- **Work instructions**
Omit any picture, and return the remaining data exactly as written.

========================================================================

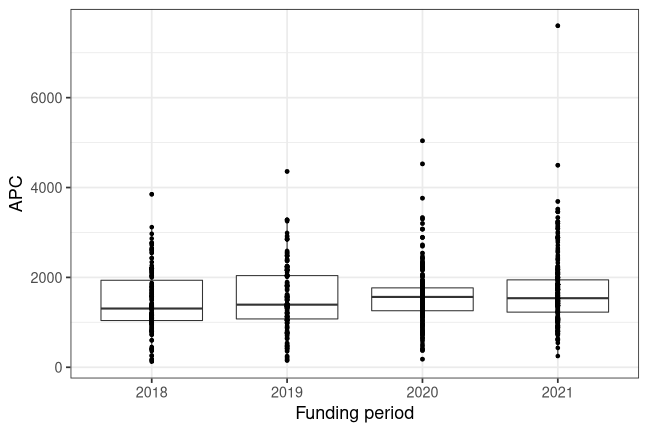 plot of chunk box_dlr_2022_03_18_year_full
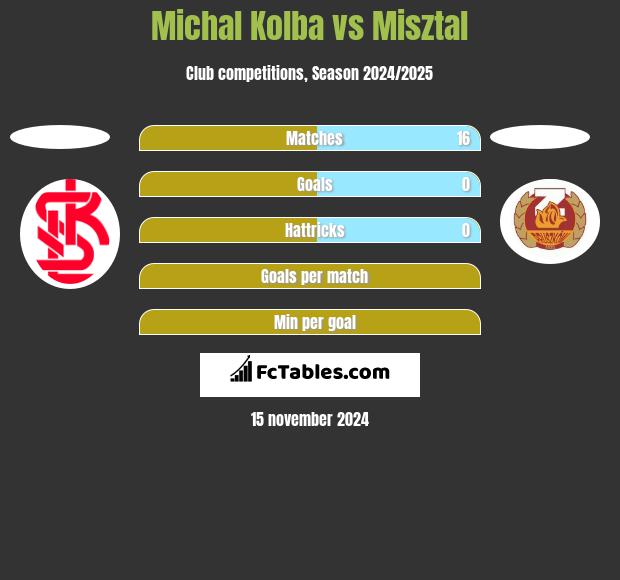 Michal Kolba vs Misztal h2h player stats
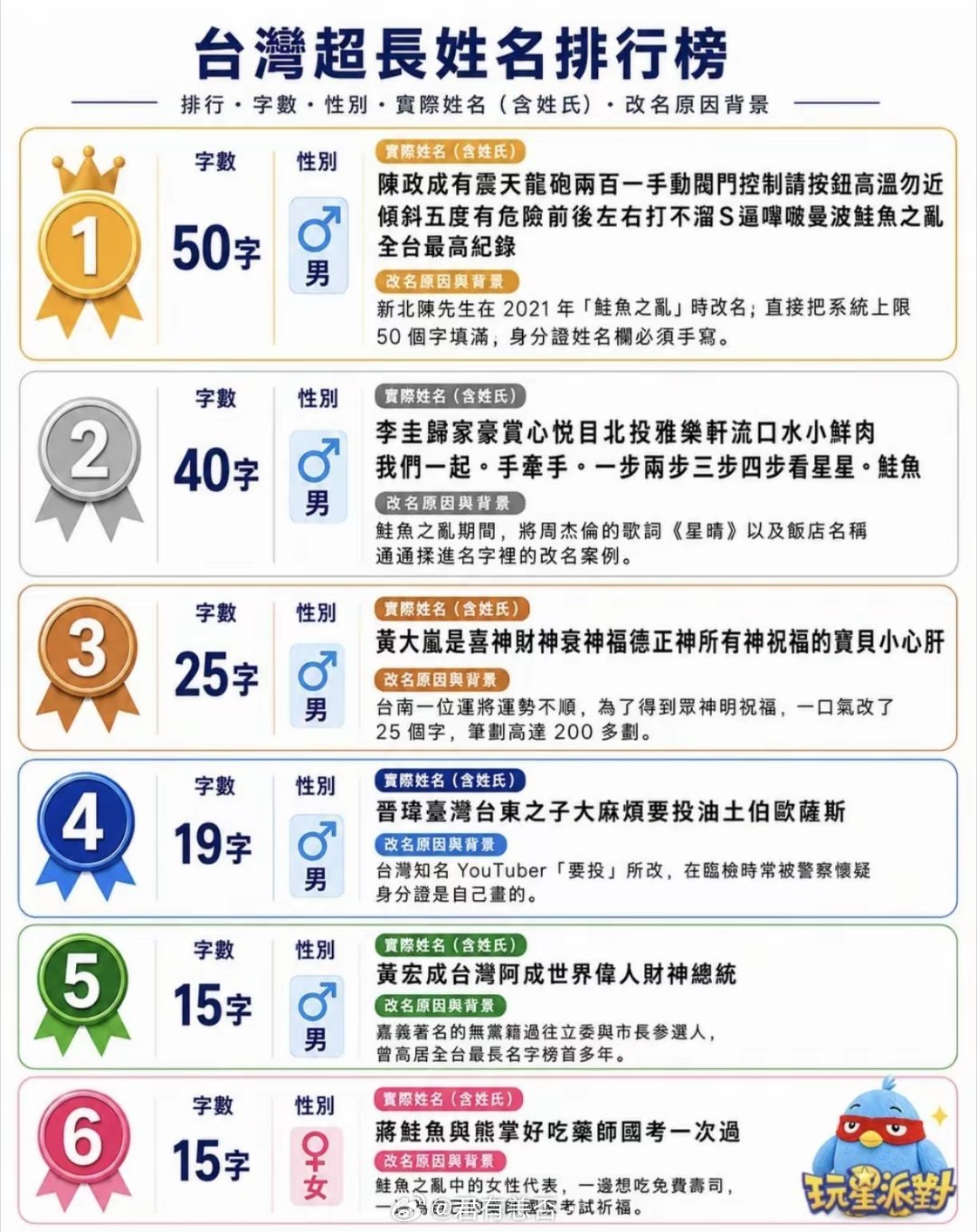 台湾地区的超长姓名排行榜，最长姓名高达50个字。 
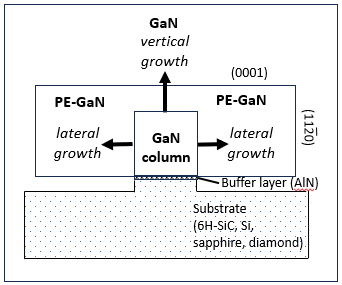 Semiconductor Materials (II): GaN Epitaxy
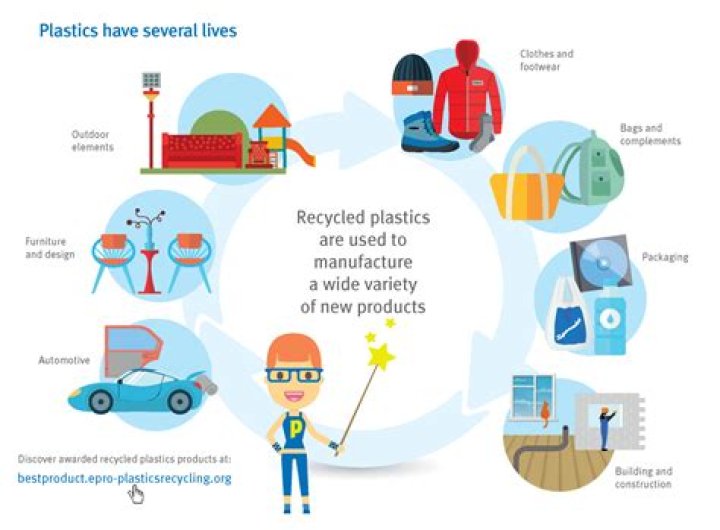 Can plastic packaging be recycled?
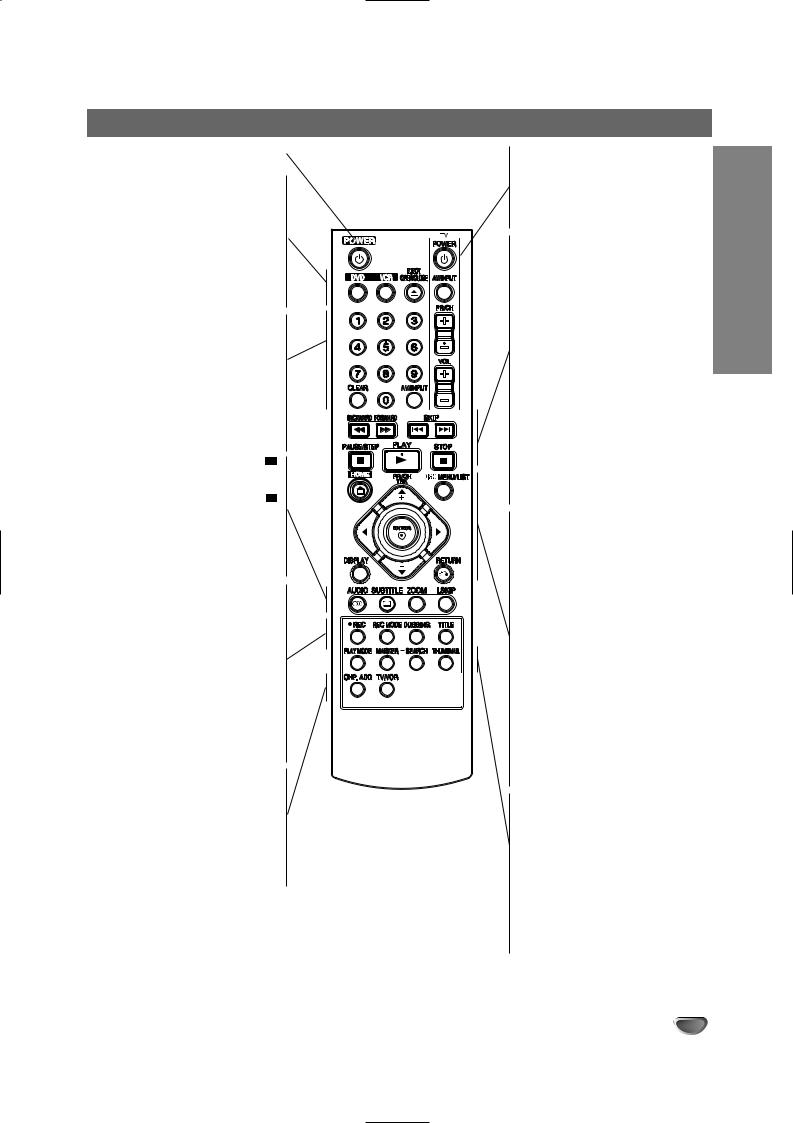 LG RC288-P1 User Manual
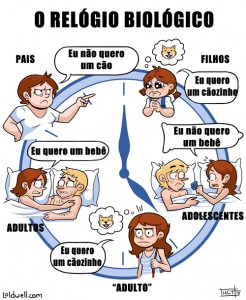Relógio biológico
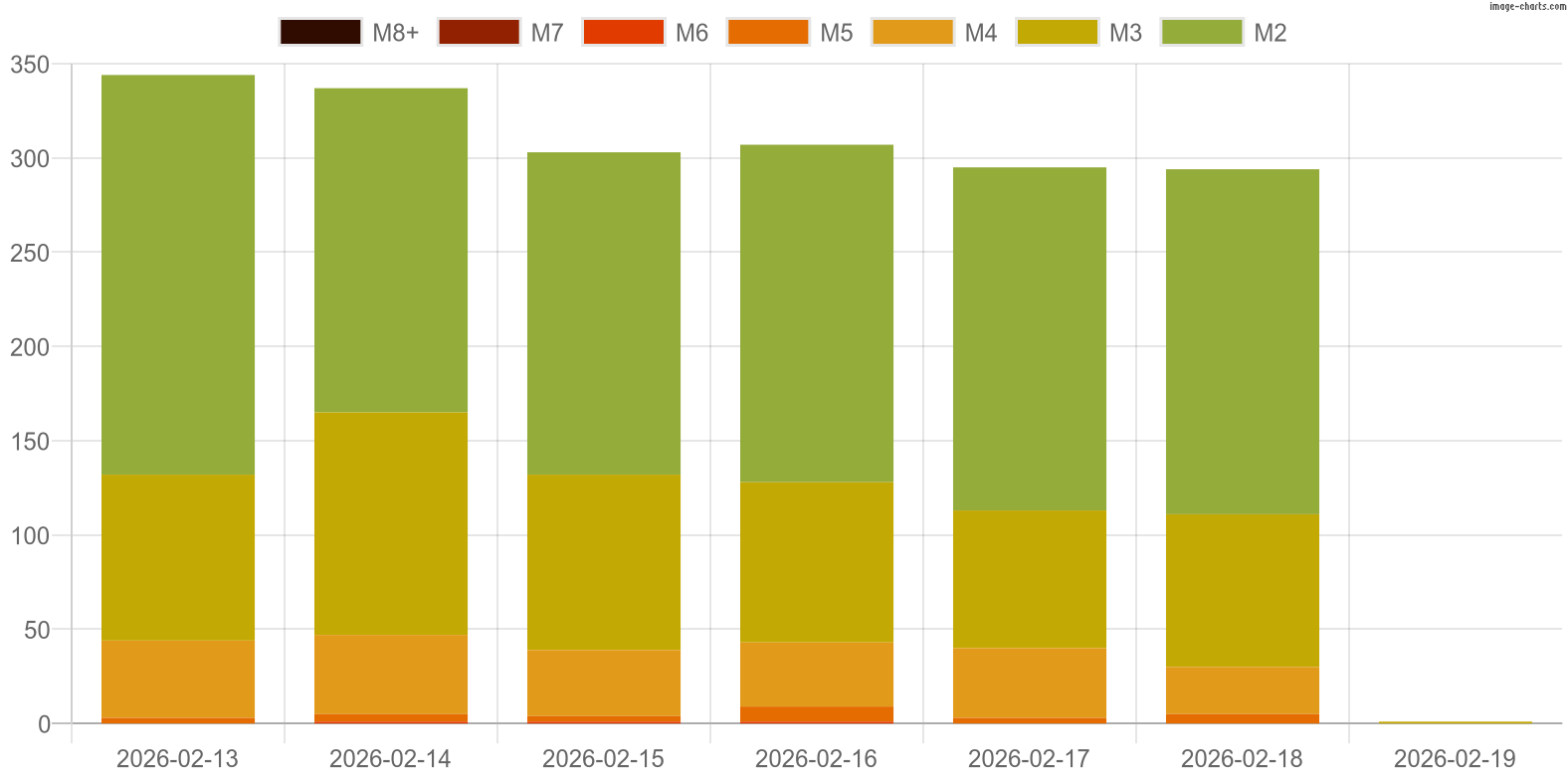 Teide's Unfelt Earthquakes: Understanding the Hybrid Seismic Swarm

========================================================================

- **Solution to this problem**
 plot of chunk box_dlr_2022_03_18_year_full
 Michal Kolba vs Misztal h2h player stats
 台湾地区的超长姓名排行榜，最长姓名高达50个字。 
 Semiconductor Materials (II): GaN Epitaxy
 Can plastic packaging be recycled?
 LG RC288-P1 User Manual
Relógio biológico
 Teide's Unfelt Earthquakes: Understanding the Hybrid Seismic Swarm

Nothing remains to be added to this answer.